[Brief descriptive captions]
..........

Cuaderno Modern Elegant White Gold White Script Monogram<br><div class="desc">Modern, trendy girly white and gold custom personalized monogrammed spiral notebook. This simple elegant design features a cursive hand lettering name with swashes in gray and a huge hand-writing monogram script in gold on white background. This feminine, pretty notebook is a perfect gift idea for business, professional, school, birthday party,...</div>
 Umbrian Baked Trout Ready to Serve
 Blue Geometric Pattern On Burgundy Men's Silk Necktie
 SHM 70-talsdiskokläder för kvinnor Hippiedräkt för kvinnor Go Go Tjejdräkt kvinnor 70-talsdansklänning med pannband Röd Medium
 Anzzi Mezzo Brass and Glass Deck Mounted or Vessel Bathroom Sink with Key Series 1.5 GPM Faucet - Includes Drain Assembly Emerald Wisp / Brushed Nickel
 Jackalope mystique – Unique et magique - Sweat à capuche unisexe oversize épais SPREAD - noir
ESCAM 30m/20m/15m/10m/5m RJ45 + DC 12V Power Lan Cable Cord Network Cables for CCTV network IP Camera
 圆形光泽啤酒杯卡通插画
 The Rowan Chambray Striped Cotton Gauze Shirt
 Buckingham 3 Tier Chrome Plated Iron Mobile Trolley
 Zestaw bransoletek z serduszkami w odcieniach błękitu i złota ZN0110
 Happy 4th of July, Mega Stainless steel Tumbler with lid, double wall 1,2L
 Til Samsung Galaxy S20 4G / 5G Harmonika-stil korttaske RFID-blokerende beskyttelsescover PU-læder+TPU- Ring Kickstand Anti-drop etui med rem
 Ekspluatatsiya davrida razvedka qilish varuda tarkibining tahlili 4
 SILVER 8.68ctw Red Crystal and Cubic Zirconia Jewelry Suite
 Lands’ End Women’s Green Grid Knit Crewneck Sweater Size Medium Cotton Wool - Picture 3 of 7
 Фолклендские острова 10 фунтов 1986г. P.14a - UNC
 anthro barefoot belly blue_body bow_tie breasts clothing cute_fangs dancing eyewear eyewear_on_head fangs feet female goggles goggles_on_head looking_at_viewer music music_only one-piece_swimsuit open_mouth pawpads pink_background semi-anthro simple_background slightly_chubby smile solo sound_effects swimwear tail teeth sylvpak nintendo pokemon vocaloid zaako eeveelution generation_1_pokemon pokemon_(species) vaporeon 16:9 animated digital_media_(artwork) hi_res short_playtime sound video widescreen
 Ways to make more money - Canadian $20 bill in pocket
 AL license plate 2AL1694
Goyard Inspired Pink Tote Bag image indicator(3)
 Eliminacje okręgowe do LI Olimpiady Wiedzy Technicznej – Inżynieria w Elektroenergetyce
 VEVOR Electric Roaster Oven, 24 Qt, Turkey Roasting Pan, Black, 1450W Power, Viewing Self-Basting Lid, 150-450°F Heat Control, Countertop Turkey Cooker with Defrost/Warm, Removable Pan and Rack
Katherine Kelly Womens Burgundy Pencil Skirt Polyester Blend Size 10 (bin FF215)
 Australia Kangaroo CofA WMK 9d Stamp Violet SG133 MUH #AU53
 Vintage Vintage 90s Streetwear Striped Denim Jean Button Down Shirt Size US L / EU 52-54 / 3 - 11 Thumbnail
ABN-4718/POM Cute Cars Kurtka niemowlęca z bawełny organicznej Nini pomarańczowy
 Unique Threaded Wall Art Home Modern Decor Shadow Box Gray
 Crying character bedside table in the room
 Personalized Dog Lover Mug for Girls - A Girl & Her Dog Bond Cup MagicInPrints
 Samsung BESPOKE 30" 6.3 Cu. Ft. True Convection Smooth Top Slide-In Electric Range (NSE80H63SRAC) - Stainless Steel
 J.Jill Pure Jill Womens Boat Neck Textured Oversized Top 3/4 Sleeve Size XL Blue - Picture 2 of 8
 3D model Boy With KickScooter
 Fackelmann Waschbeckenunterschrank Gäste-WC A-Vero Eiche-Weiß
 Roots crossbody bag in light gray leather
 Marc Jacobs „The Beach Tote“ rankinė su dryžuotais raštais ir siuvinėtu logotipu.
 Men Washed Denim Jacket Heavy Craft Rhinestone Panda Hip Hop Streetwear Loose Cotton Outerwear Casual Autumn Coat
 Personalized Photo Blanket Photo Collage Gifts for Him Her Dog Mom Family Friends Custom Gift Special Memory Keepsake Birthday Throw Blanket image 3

..........

▶ Problem statement
Only one stretch of the data above is needed. Restate it word for word, from the line containing "Til Samsung Galaxy" through the line containing "Ekspluatatsiya davrida razvedka", both ends included.

▶ Answer box
 Til Samsung Galaxy S20 4G / 5G Harmonika-stil korttaske RFID-blokerende beskyttelsescover PU-læder+TPU- Ring Kickstand Anti-drop etui med rem
 Ekspluatatsiya davrida razvedka qilish varuda tarkibining tahlili 4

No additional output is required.